Which reminded me of the many times I encountered the dish in restaurants across Chennai, and across the country. There was only one place where the experience was enjoyable...
::
In Besant Nagar, up narrow stairs, (somewhere on the street something says - or said - Panama?) there is a little restaurant called Eden.
Even though we always visited at night, I have the impression that it had an airy feel. I do recall large framed cross stitched pictures of vegetables around the wall, one at each table.
It is a vegetarian "western" restaurant, specializing in various types of bakes, some using "English" vegetables. (Speaking of which, I remember finding one greengrocer who carried some courgettes/baby marrows/zucchini and celery along with a few other odds and ends close to Pondy Bazaar and Nalli's.)
There were other items on the menu as well, but right now I can't recall them, crowded out by too many memories of the various bakes I had come across.
Beyond Spencer's Plaza, further north on Anna Salai, is Mathura (which I think is part of the Woodlands restaurants.) In the Tarapore building, mpo confirms. They had an interesting bake as well, along with the "Cream of Vegetable soup," the standard bland white concoction with a few peas, diced carrots and corn(?) floating in it, and the ubiquitous Cream of Tomato soup.
I don't know whether the latter still counts as "western," since just about every place in Chennai that offers a North Indian thali starts you off with this "tamater ka shorba," never mind that it came from the Maggi packet moments before.
And on the topic of soups, I remember how we giggled when in the more up market mughlai restaurants like the formal one in GRT Grand Days, the menu offered Sambar and Rasam under the Soups heading.

::
Nancy replies with the name of the green grocer - Kennedy Vegetable Stall in Panagal Park, and the news that English vegies are now more freely available.
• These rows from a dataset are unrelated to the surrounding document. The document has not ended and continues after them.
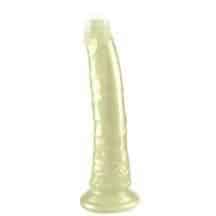 Фаллоимитатор Lola Games Pearl Akoya 20 см, золотистый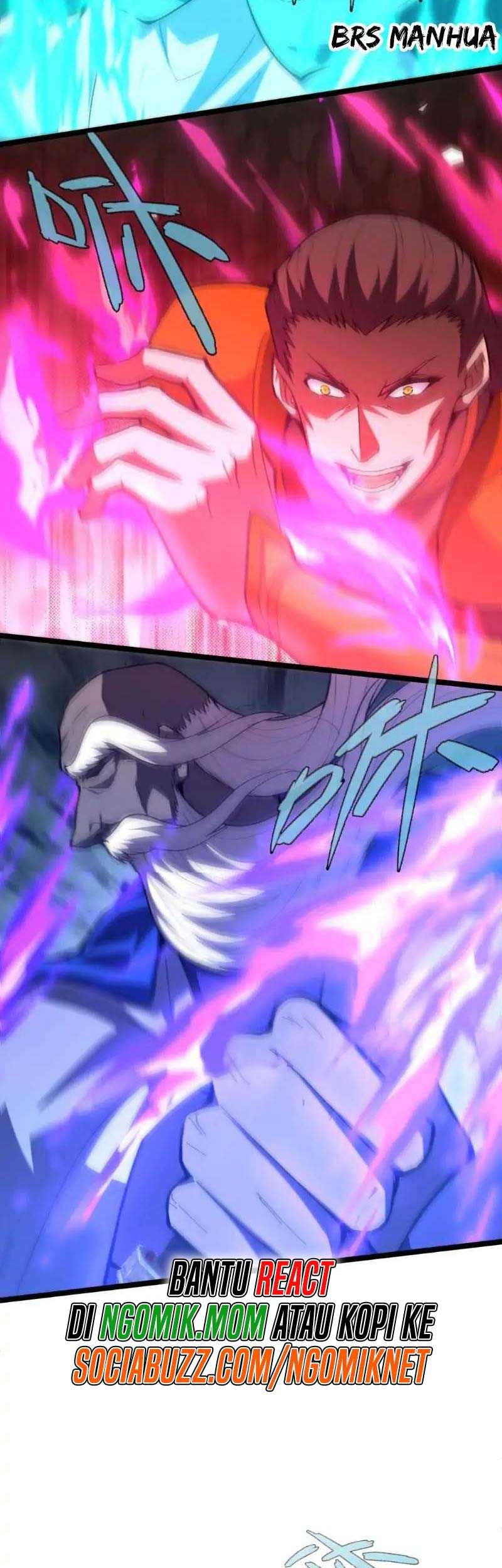 Second Fight Against the Heavens Chapter 79 Gambar 41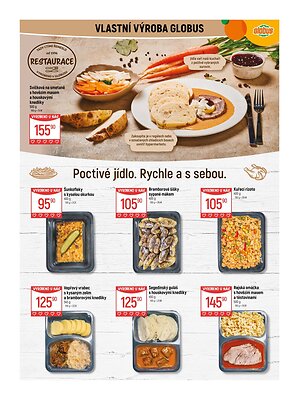 akční leták Globus 18.3.2026-24.3.2026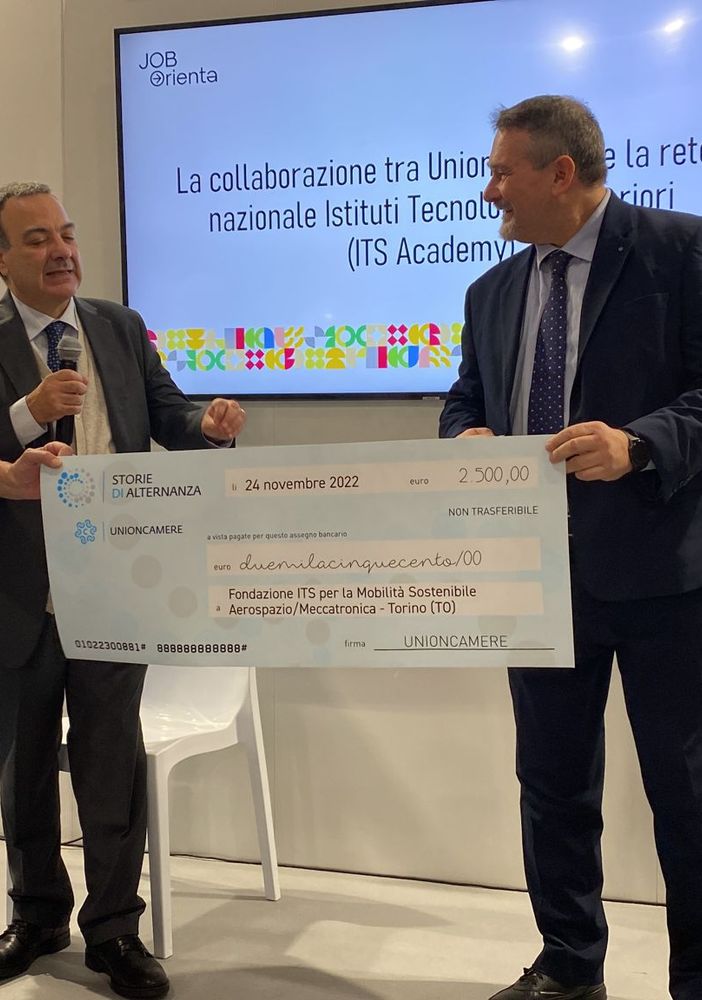 cerimonia di premiazione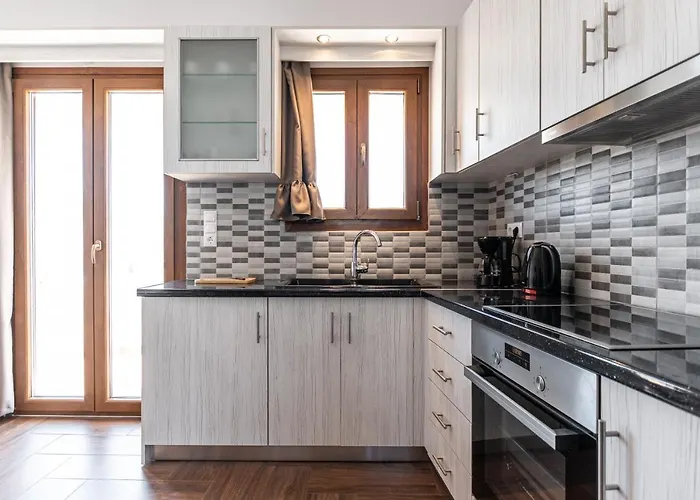 Διαμέρισμα Naxian White House In Glinado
This sets me off on another meandering.
::
That's the place!
After a weekly trip there I'd slice the zucchini thinly, saute it with onion and then use milk and maggi mushroom soup to make it into a creamy sauce. Serve it with whatever pasta I could scrounge at that stage in Food World (NOT the Ramen noodle kind) and amaze the people at work with the "western" tastes. (Oh, did I mention adding the obligatory karam?)
We never bought an oven, but we selected the stove with the "grill" between the two burners. It had a little glass window and a doll-size tray that would fit two slices of bread - if they're really cozy. Since the heat came from the top it would broil the dish - got some nice (but minute) gratins. Unfortunately that was the first part of the stove that broke - the two gas burners are still working.
::
These past few days since I have found Nancy's blog has been an amazing walk down memory lane for me. I am getting so homesick for India that I can cry. It has been three years since I have been there, and I am finding that I miss it more and more every day, and yet I have spent only a couple of years there. By contrast it is only some of the people that I miss of the country I was born and raised. India has a way of settling very firmly in one's heart.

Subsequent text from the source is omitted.